* PROMPT:
Pictures are to be left out; otherwise, copy exactly the lines from the line containing "Jupe en similicuir noir pour fille" through the end of the data.

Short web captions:
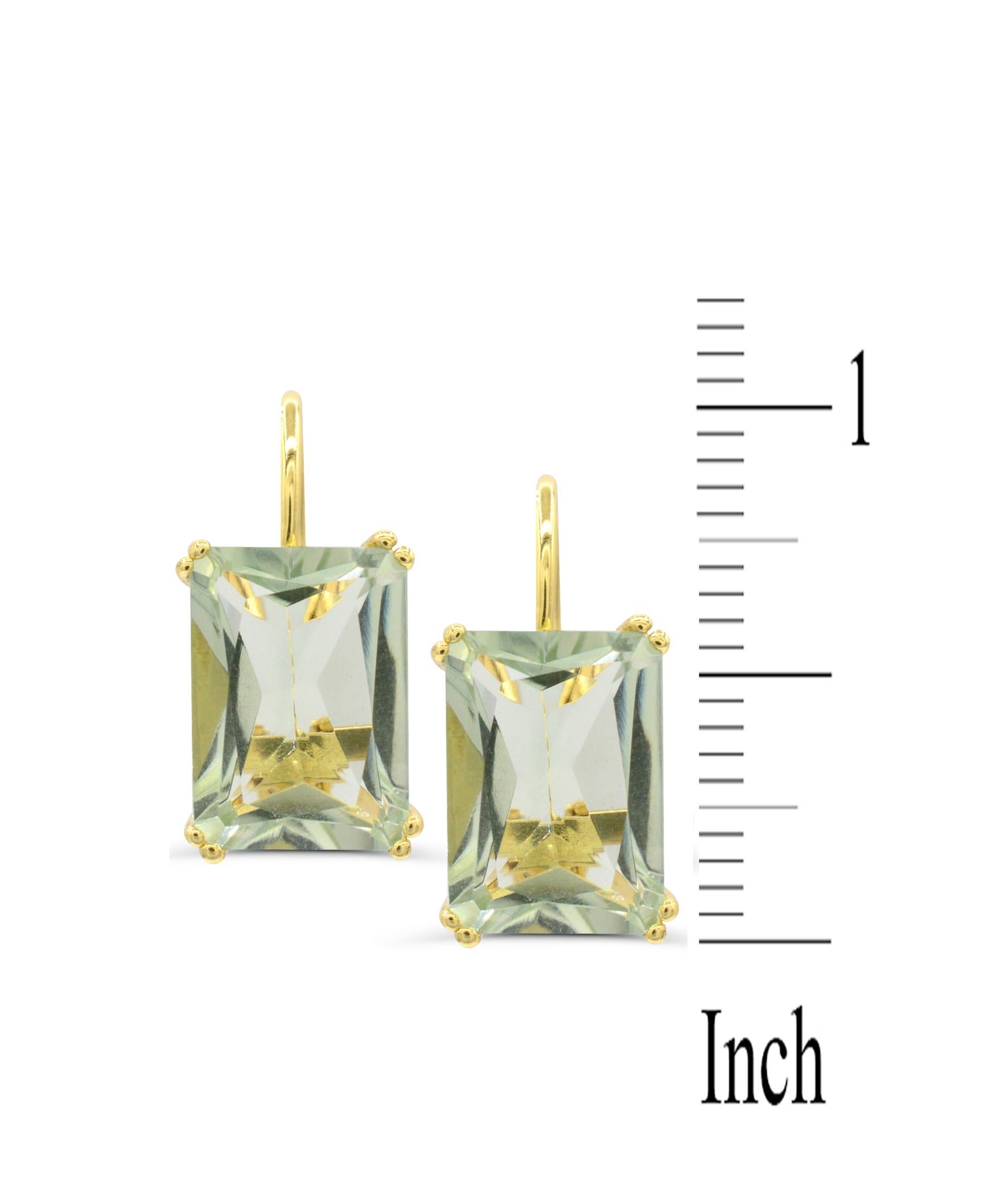 12-5/8 ct. Emerald-Cut Prasiolite 14K Yellow Gold over Sterling Silver Earrings In New Condition For Sale In New York, NY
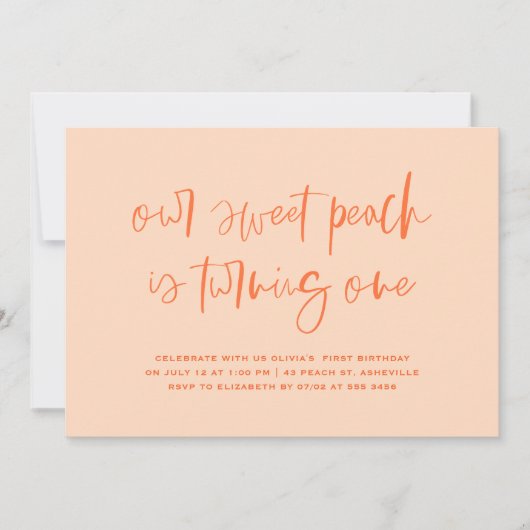 Sweet Peach Minimalist Meisje Eerste Verjaardag Kaart (Voorkant)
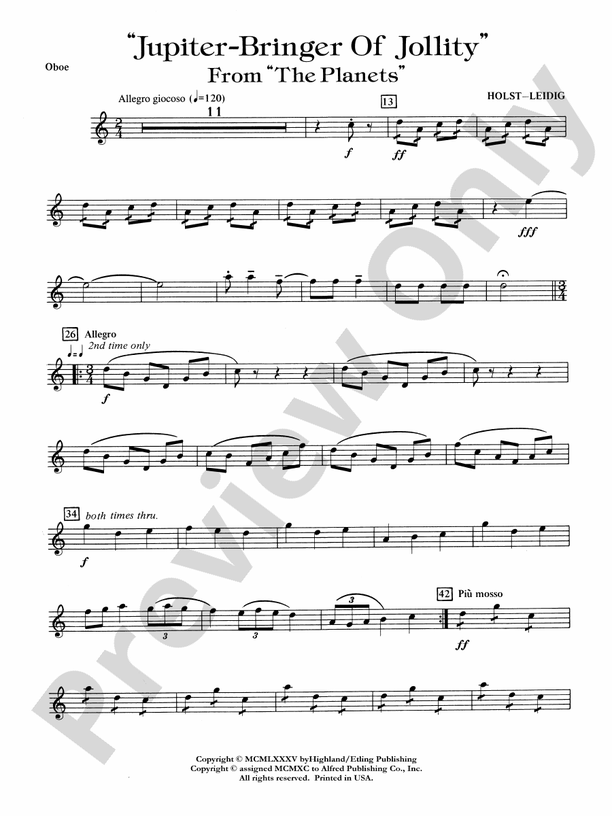 Jupiter (Bringer of Jollity) Oboe Oboe Part Digital Sheet Music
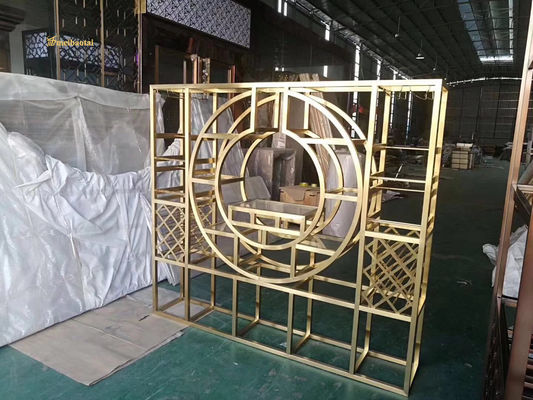 Giá tốt Hình kính vàng trang trí thép không gỉ phòng phân vùng kích thước tùy chỉnh trực tuyến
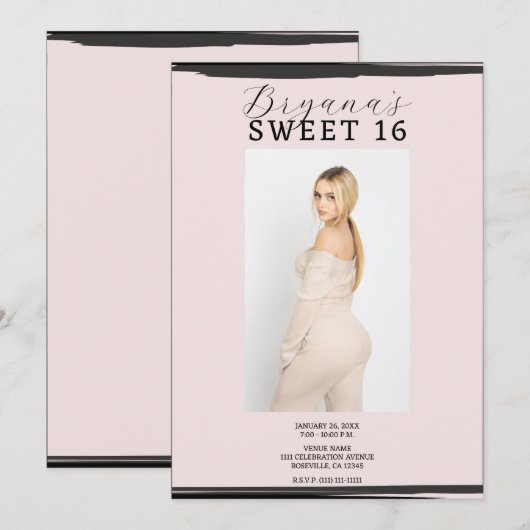 Roze & Zwart Foto Lijst Trendy Modern Sweet 16 Kaart (Voorkant / Achterkant)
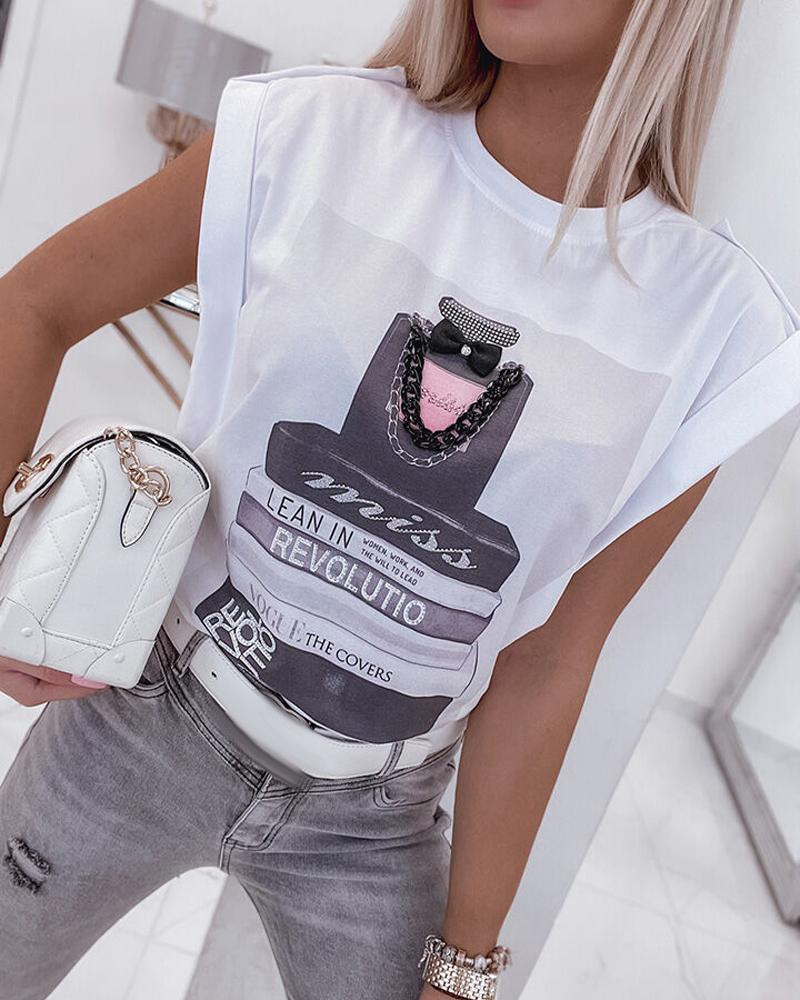 

Letter Graphic Print Casual T-shirt, White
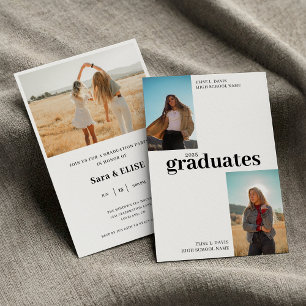 Modern Joint Graduation Party, Celebrate Two Grads Invitation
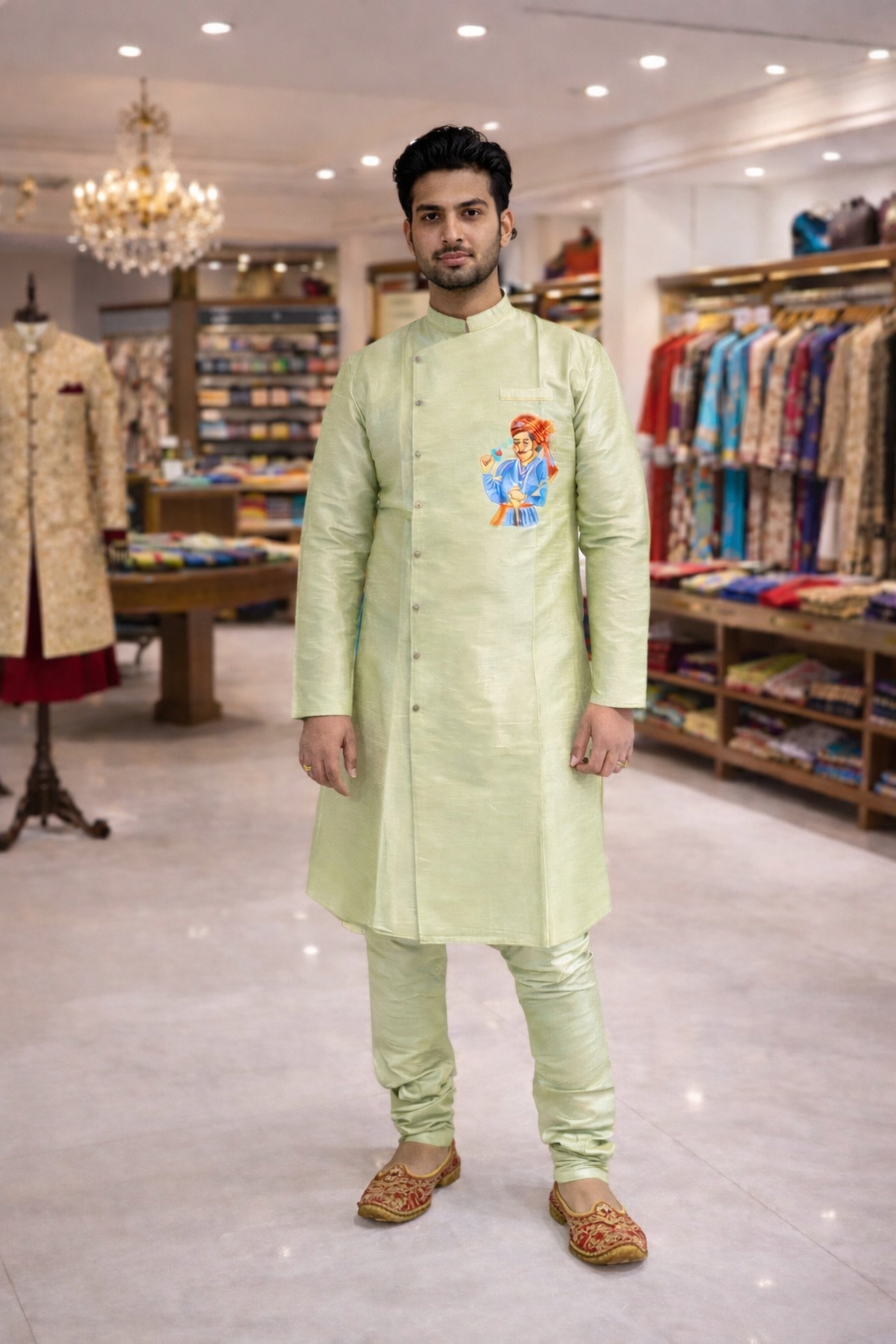 Men's Long Side Button Handprinted Work Kurta Pajama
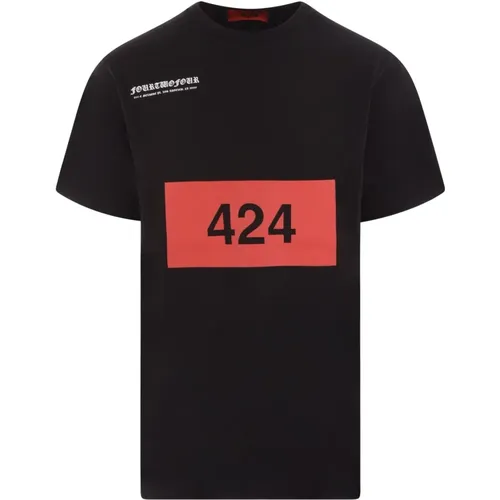 Schwarzes T-Shirt mit Box Logo Print - 424 - Modalova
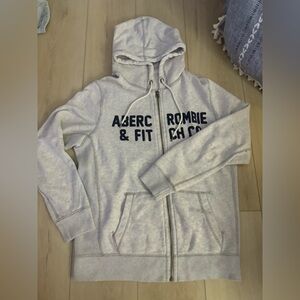 Abercrombie and Fitch Unisex Zip Up Hoodie Light Gray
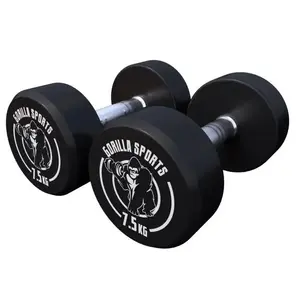 GORILLA SPORTS Halteres ronds caoutchouc   de 2 5 a 40 kg   poids   15 kg  2 x 7 5 kg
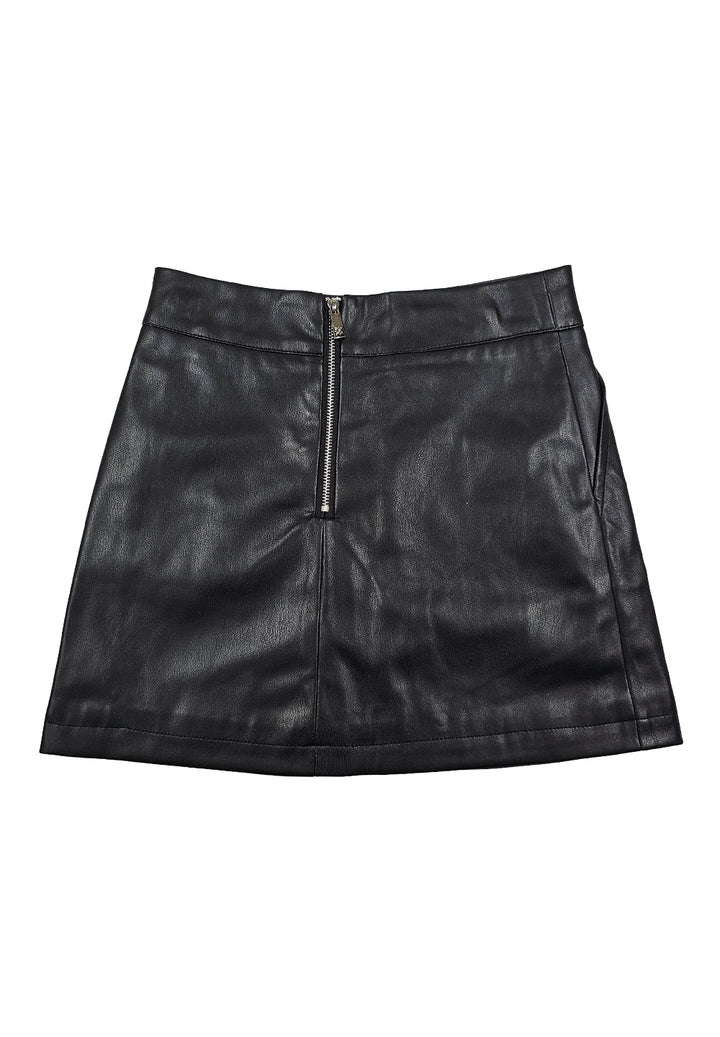 Jupe en similicuir noir pour fille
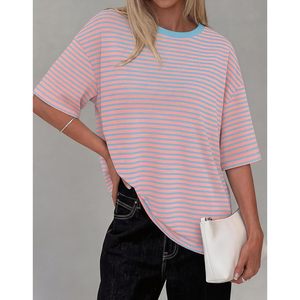 T-shirt rayé à manches courtes et col rond pour femme, haut d'été en coton tricoté surdimensionné, tenue décontractée - Product Image 2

* ANSWER TO THIS TASK:
 Jupe en similicuir noir pour fille
 T-shirt rayé à manches courtes et col rond pour femme, haut d'été en coton tricoté surdimensionné, tenue décontractée - Product Image 2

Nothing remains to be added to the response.